Sunday, April 15, 2012

Deadly tornadoes strike US Midwest

Tornadoes have struck the US states of Nebraska, Kansas and Oklahoma following a warning by forecasters to residents across the US Midwest about "life-threatening" weather.

The National Weather Service said in an advisory on Saturday afternoon that severe storms were possible from Texas in the south to Iowa, South Dakota and Minnesota in the north.

"Conditions will remain favourable for strong to violent and possibly long-lived tornadoes into the overnight hours," it said.

Tornadoes during the overnight hours can be particularly dangerous because people are often sleeping and don’t hear the warnings, plus it’s impossible to see them coming in the dark.

Local television station KOCO in Oklahoma City reported that the death toll reached four on early Sunday morning.

Citing the local medical examiner, KOCO reported that all four deaths occurred in Woodward just after midnight, and that two of the deaths were children.

KOCO also said that there the twister in Woodward caused "significant structural damage and several injuries".

In the Iowa town of Creston, the Greater Regional Medical Center hospital was damaged by a possible tornado, said a woman who answered the phone there but declined to give her name.

A dispatcher for the Union County sheriff's office said he was unable to release any information about damage to the hospital or buildings.

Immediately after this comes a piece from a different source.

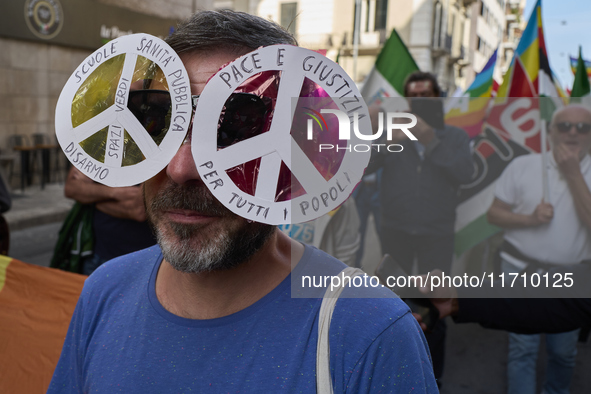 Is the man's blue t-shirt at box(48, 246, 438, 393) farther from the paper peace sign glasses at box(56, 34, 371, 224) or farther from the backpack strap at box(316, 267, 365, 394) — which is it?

In northwestern Oklahoma, a tornado touched down for less than a minute in the afternoon, according to Rick Smith, a National Weather Service meteorologist in the town of Norman.

The area was, however, hit by severe hail, breaking windows and damaging buildings.

Emergency operations

A tornado was also spotted in Mustang, a suburb of Oklahoma City, before dawn. Kristy Yager, a spokeswoman for Oklahoma City, said that trees, power lines and fences were reported to have collapsed in the area.

"We'll have storms all night long in Oklahoma," Smith said. The pair of Oklahoma twisters hit a day after a tornado sliced across Norman on Friday afternoon.

The Federal Emergency Management Agency said the worst conditions were expected to hit late on Saturday between Oklahoma City and Salina, Kansas, while other areas could see baseball-sized hail and strong winds.

Oklahoma activated its emergency operations center as a precaution before the storms.

"We really want to make sure that the public is aware that this is a serious threat and make sure that people are prepared," said Keli Cain, a spokeswoman for the Oklahoma Department of Emergency Management.

The National Weather Service could not immediately confirm the storm was a tornado.

The US tornado season started early this year, with twisters already blamed for 57 deaths in 2012 in the Midwest and South, raising concerns that this year would be a repeat of 2011, the deadliest tornado year in nearly a century.

Some 550 people died in tornadoes last year.